Molti dibattiti vertenti sul tema dell'immigrazione o minoranze etniche (Rom) si svolgono sia a livello di social network che di dibattiti politici di piú alto livello attraverso la presentazione di casi personali o particolari a dimostrazione di una determinata problematica. Le repliche spesso avvengono su medesima base, ovvero attraverso la presentazione di casi personali o particolari volti a dimostrare il contrario, in una catena infinita che potremmo chiamare catena dell'irrilevanza (in gergo tecnico fallacia della generalizzazione indebita: si generalizza qualcosa senza distinzioni, in base alla circostanza che quel qualcosa si è dato in un caso particolare).
In questi casi risulta sempre utile sottolineare come la statistica sia una disciplina seria, non rientrante nella categoria dell'opinionismo, ovvero una scienza che ha per oggetto lo studio dei fenomeni collettivi suscettibili di misurazione e che si avvale di metodi matematici.

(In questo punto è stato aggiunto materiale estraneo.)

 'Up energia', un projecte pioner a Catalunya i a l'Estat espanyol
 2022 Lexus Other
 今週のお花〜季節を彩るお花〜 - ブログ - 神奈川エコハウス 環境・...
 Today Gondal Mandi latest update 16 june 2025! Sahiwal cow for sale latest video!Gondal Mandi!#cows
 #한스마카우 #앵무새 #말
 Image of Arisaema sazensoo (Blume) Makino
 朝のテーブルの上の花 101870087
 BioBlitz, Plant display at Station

Vale a dire, qualora si vogliano trarre conclusioni generali su una determinata categoria di persone (giovani, vecchi, anziani, stranieri, donne o uomini) risulta fondamentale avvalersi di statistiche condotte scientificamente e ripercorribili nel loro metodo di indagine.

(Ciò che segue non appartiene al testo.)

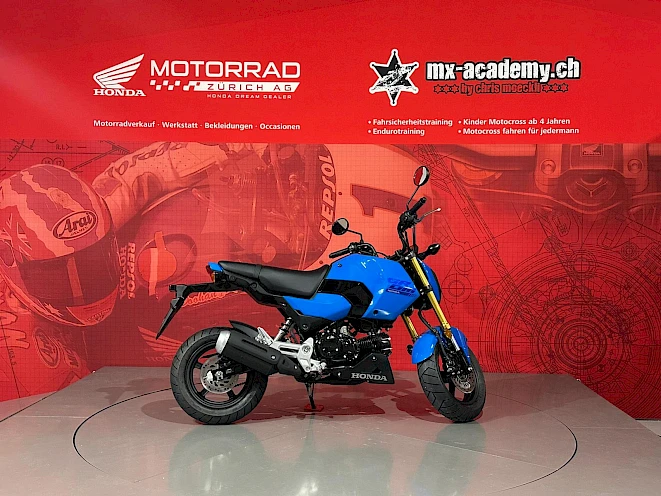 Blue Honda MSX125 Grom in the showroom of Motorrad Zürich AG – light motorcycle new from stock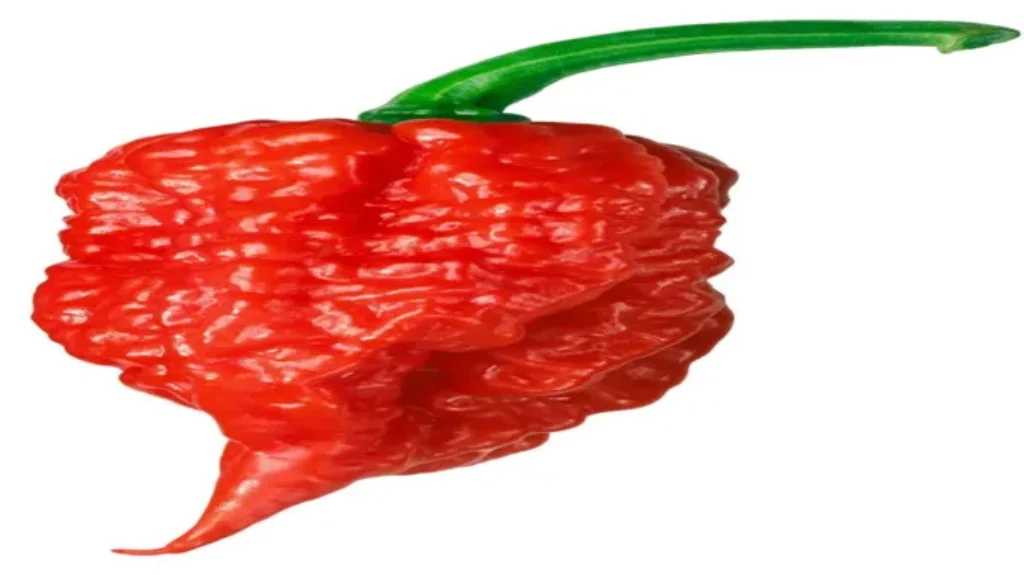 When Do You Pick Carolina Reaper Peppers for Maximum Flavor?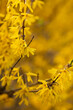 Wiosenne krzewy kwitnących, żółtych Forsycji.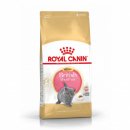 Фото - сухой корм Royal Canin Kitten BRITISH SHORTHAIR (БРИТАНСКАЯ КОРОТКОШЕРСТНАЯ КИТТЕН) корм для котят до 12 месяцев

Purtroppo anche i dati statistici possono essere oggetto di interpretazioni arbitrarie, ma una qualsiasi statistica seria (ad esempio condotta dall'Istat ) costituisce pur sempre un passo avanti rispetto alla citazione dell'esempio personale o particolare e la base per un piú alto livello di discussione.
A mio personale avviso dovrebbe inoltre valere la seguente regola: quanto piú gravi sono le accuse, tanto piú solide dovrebbero essere le prove a sostegno di esse.
I dibattiti di cui sopra scaturiscono spesso da luoghi comuni:
Il concetto di luogo comune è a mio avviso strettamente correlato a quello di senso comune, che non ha un significato univoco ed è quindi soggetto a valutazioni diverse. Se gli si attribuisce un significato conoscitivo (intendendolo come un bagaglio di conoscenze, giudizi, convinzioni e principi largamente condivisi anche da chi non ha particolari competenze) può essere valutato in modi opposti.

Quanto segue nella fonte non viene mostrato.